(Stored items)
___
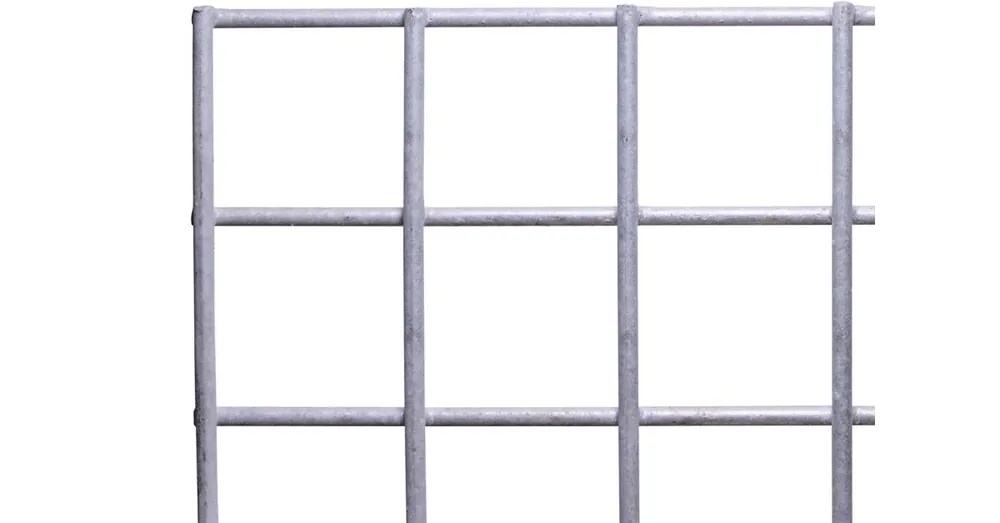 Značkový Tuindeco Mesh element 10.0x10.0cm H180xW90cm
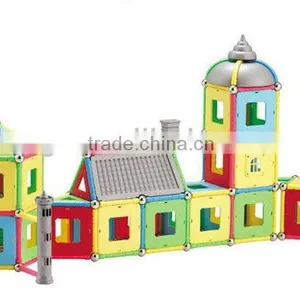 Magnetic Building Connector Toys thumbnail-1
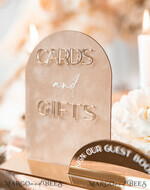 TABLE DECOR SIGNS Guestbook & Cards Gifts Signs Golden Acrylic gifts & cards signs with stand, Beige Velvet and gold guestbook Sign, Golden Plexi gifts & cards signs, Luxury Wedding guestbook Decor Centerpieces7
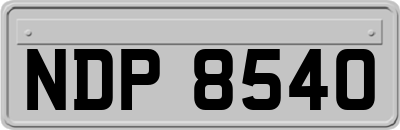 NDP8540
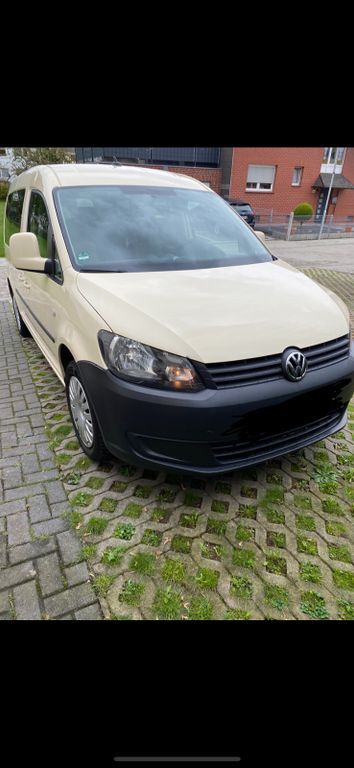 Caddy Maxi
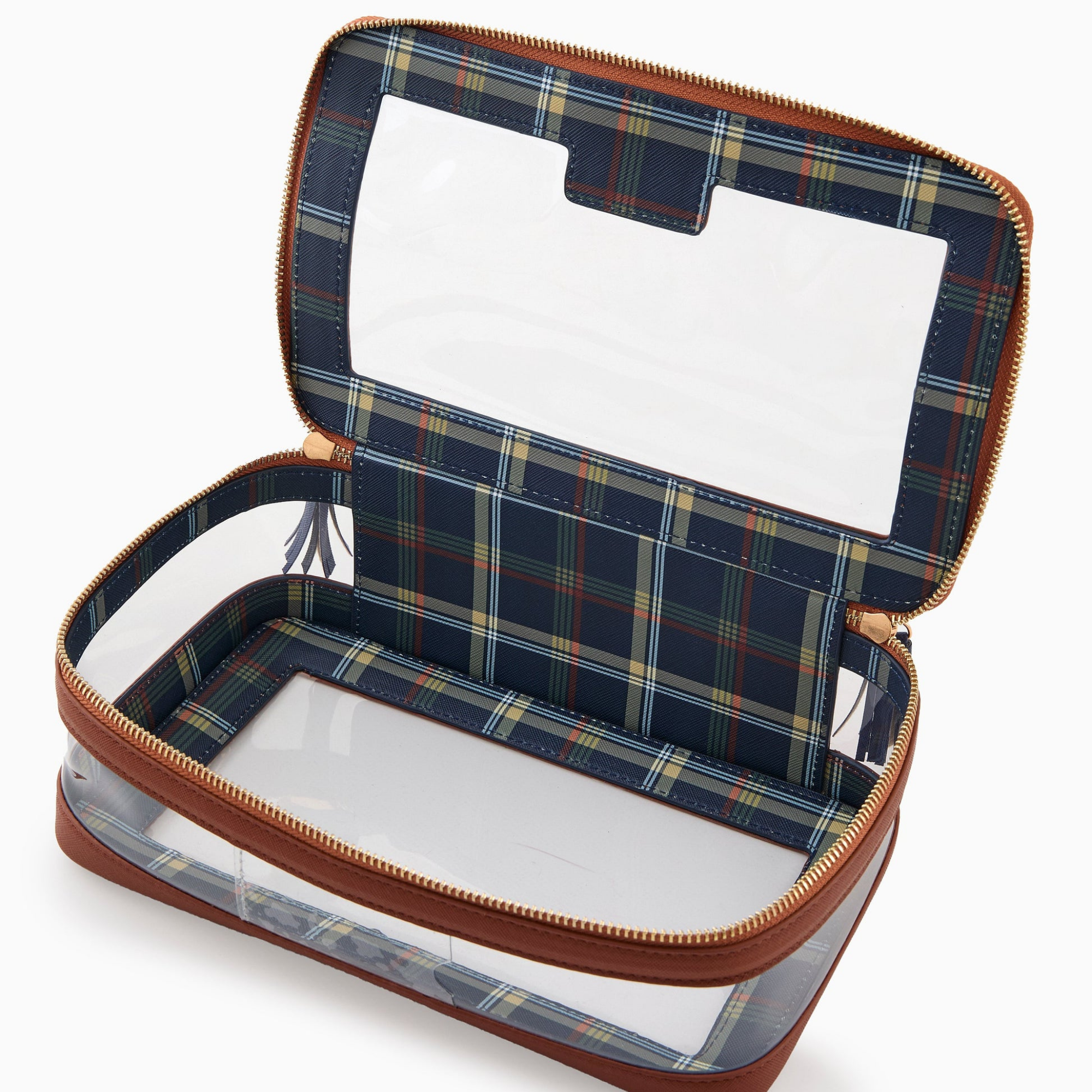 Mahjong Tile Storage Bag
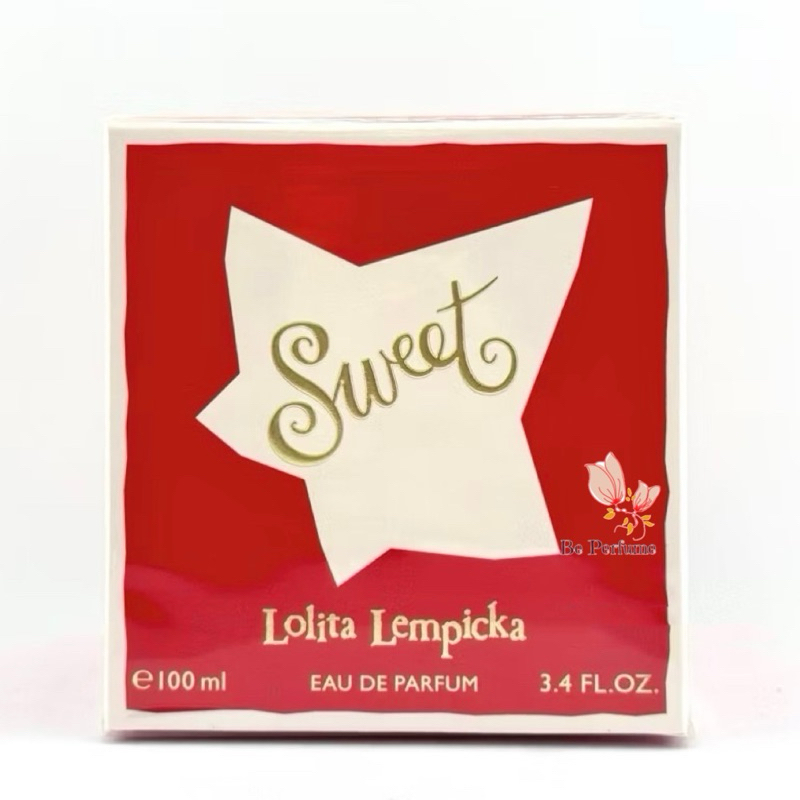 น้ำหอม Lolita Lempicka Sweet edp 100ml กล่องซีล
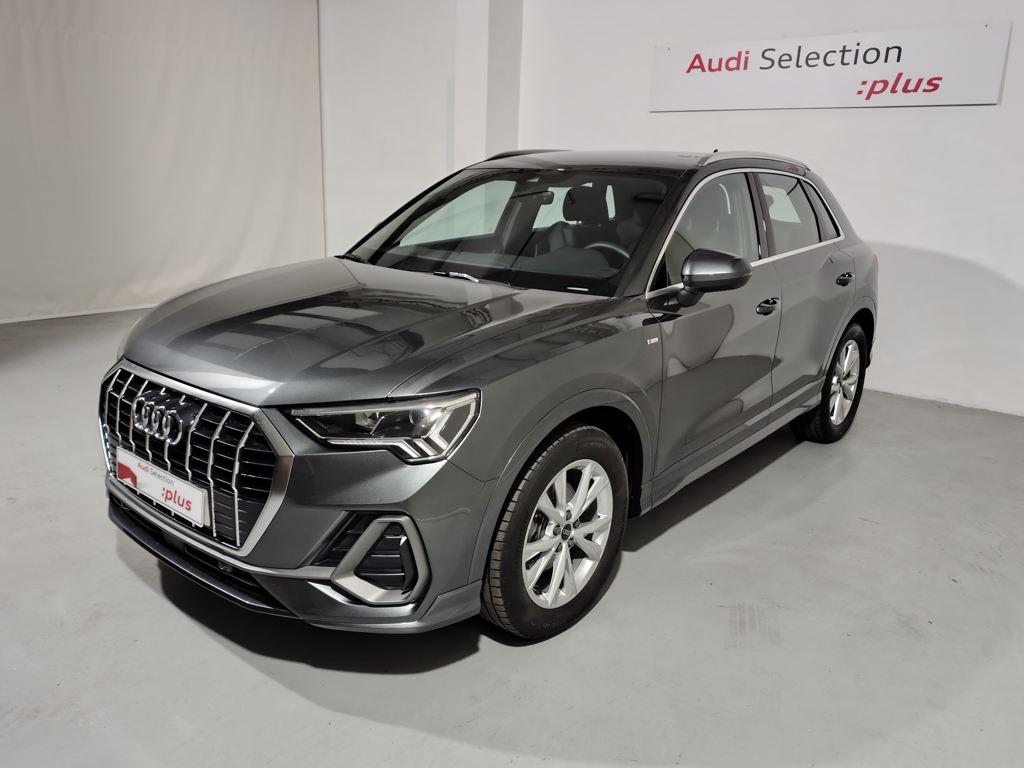 AUDI Q3 (S line 35 TDI 110 kW (150 CV) S tronic) en Alicante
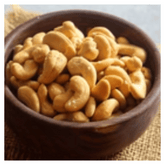 Hecham Roasted/Salted Cashews 250 Gms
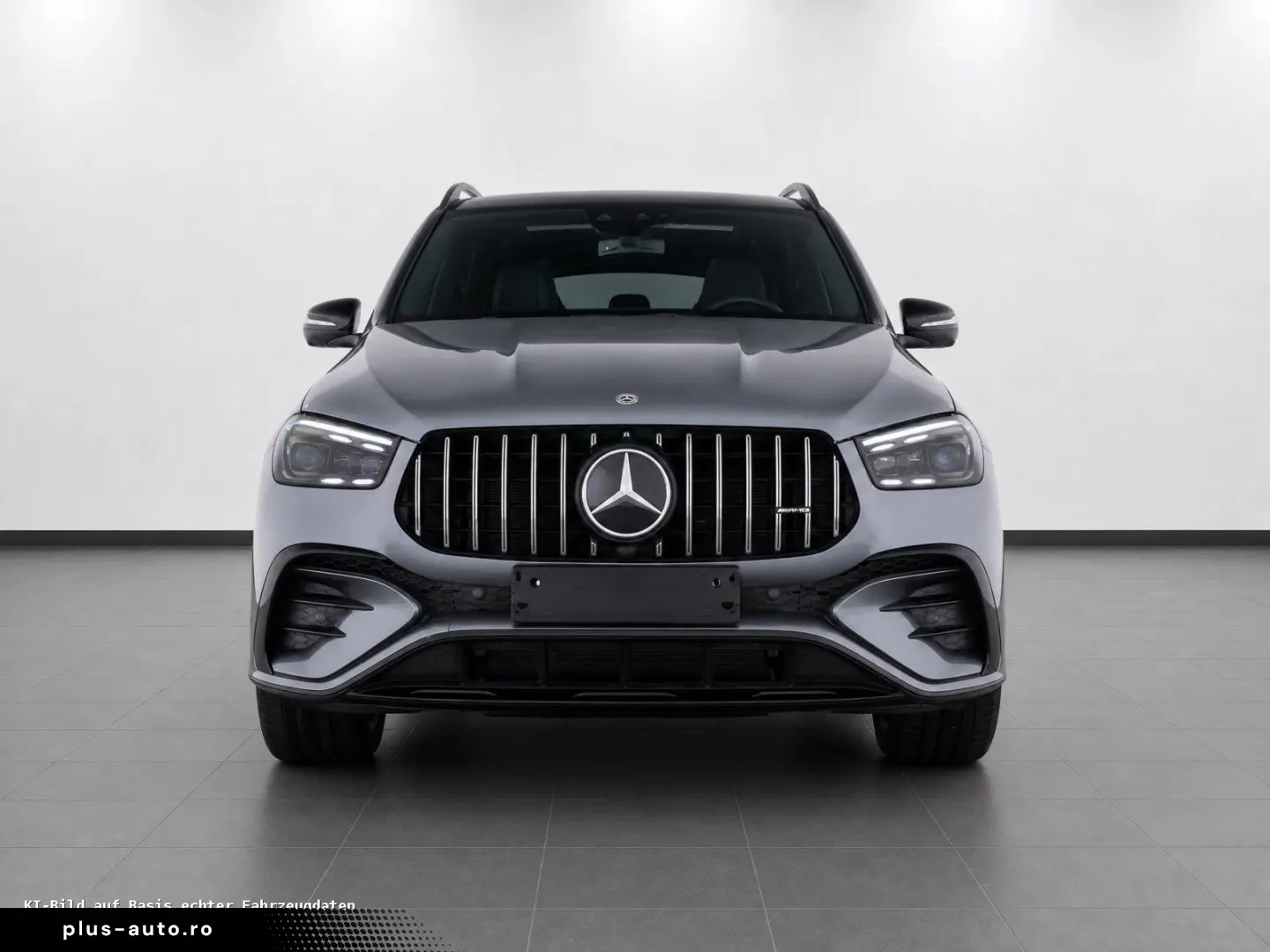 MERCEDES-BENZ GLE 53 AMG Hybrid  Multibeam NAVI DIST&hellip;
___
*Your instructions*.
The records above are to be repeated exactly, with every picture removed from the copy.

*Task answer*.
 Značkový Tuindeco Mesh element 10.0x10.0cm H180xW90cm
 Magnetic Building Connector Toys thumbnail-1
 TABLE DECOR SIGNS Guestbook & Cards Gifts Signs Golden Acrylic gifts & cards signs with stand, Beige Velvet and gold guestbook Sign, Golden Plexi gifts & cards signs, Luxury Wedding guestbook Decor Centerpieces7
 NDP8540
 Caddy Maxi
 Mahjong Tile Storage Bag
 น้ำหอม Lolita Lempicka Sweet edp 100ml กล่องซีล
 AUDI Q3 (S line 35 TDI 110 kW (150 CV) S tronic) en Alicante
 Hecham Roasted/Salted Cashews 250 Gms
 MERCEDES-BENZ GLE 53 AMG Hybrid  Multibeam NAVI DIST&hellip;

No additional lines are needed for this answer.